Given the entries that follow, write out exactly the lines starting at the one containing "Courtyard Thousand Oaks Ventura County" and ending at the one containing "Adventskalender in Schachtel", both ends included, and only those.

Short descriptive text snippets

——————

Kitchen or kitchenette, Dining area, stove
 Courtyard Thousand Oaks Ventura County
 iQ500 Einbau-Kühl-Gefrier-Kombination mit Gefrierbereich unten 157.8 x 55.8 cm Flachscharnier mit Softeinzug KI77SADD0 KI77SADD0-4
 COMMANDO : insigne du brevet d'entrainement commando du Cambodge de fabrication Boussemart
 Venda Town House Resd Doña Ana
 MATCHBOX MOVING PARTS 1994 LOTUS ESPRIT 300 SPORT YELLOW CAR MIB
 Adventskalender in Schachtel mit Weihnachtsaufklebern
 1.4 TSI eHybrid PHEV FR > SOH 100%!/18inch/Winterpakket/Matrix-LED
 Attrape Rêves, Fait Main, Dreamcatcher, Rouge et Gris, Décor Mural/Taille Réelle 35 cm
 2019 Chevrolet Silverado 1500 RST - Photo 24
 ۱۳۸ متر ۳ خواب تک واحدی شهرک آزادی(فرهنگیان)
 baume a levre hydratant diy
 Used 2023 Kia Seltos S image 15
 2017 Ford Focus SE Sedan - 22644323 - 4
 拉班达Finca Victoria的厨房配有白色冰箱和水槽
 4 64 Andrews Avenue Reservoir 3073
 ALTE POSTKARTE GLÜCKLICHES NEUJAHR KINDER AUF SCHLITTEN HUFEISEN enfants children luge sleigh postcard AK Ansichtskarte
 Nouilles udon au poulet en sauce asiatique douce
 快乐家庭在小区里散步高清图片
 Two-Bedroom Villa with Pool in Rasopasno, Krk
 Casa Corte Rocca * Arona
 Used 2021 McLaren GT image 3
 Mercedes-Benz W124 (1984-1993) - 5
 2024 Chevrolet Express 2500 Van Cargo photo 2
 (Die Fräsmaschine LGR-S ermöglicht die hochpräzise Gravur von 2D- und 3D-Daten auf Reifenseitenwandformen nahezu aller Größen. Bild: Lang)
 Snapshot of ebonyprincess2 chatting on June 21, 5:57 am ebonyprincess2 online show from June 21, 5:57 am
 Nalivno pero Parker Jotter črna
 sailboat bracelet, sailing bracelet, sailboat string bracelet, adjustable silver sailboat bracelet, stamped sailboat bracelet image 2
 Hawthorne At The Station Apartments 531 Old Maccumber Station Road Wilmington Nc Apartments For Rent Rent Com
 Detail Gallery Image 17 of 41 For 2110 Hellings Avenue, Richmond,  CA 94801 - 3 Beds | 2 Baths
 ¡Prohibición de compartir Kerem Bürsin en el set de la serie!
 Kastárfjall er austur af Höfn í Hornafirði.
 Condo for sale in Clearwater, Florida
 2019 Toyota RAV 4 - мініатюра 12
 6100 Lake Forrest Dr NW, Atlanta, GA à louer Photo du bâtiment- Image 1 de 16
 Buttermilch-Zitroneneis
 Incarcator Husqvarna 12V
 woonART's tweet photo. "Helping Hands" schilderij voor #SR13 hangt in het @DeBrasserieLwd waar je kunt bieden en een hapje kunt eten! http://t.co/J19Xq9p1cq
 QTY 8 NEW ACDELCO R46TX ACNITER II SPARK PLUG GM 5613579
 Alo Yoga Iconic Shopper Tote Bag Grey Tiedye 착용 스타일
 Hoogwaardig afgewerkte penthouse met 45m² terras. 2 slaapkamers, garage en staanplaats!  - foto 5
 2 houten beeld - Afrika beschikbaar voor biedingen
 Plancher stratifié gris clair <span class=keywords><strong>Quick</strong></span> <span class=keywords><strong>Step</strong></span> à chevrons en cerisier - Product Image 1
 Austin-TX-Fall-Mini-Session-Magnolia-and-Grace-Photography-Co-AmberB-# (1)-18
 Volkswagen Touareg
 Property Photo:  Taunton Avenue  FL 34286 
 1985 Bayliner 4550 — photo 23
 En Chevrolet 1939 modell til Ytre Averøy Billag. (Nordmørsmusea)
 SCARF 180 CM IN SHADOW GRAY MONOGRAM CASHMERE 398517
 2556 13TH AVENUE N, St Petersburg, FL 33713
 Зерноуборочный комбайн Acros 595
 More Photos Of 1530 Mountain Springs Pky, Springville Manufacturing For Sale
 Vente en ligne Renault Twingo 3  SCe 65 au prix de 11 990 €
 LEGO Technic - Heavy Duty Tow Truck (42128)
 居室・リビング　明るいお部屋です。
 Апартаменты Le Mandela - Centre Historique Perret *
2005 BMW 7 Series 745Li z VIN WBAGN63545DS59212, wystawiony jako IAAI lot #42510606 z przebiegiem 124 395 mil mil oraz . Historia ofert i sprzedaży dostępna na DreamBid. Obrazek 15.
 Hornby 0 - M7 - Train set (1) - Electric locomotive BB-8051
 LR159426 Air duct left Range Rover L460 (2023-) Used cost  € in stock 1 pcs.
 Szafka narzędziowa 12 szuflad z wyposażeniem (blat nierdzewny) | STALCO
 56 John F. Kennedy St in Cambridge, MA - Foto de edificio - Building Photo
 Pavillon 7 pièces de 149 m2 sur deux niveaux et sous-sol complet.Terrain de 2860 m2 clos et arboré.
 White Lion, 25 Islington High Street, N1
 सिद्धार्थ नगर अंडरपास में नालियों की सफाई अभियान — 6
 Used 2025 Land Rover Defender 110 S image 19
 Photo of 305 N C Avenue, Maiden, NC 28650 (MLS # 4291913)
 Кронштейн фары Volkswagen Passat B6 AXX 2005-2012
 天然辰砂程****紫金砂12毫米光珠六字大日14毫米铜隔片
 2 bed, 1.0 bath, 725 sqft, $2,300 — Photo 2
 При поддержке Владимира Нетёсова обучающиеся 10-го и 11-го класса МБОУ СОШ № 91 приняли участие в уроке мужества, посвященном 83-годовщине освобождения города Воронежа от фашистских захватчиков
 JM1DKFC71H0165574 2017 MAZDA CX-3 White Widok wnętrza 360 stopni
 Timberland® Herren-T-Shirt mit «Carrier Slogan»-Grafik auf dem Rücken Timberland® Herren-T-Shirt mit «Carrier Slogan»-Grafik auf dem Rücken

——————

■ Solution ■
 Courtyard Thousand Oaks Ventura County
 iQ500 Einbau-Kühl-Gefrier-Kombination mit Gefrierbereich unten 157.8 x 55.8 cm Flachscharnier mit Softeinzug KI77SADD0 KI77SADD0-4
 COMMANDO : insigne du brevet d'entrainement commando du Cambodge de fabrication Boussemart
 Venda Town House Resd Doña Ana
 MATCHBOX MOVING PARTS 1994 LOTUS ESPRIT 300 SPORT YELLOW CAR MIB
 Adventskalender in Schachtel mit Weihnachtsaufklebern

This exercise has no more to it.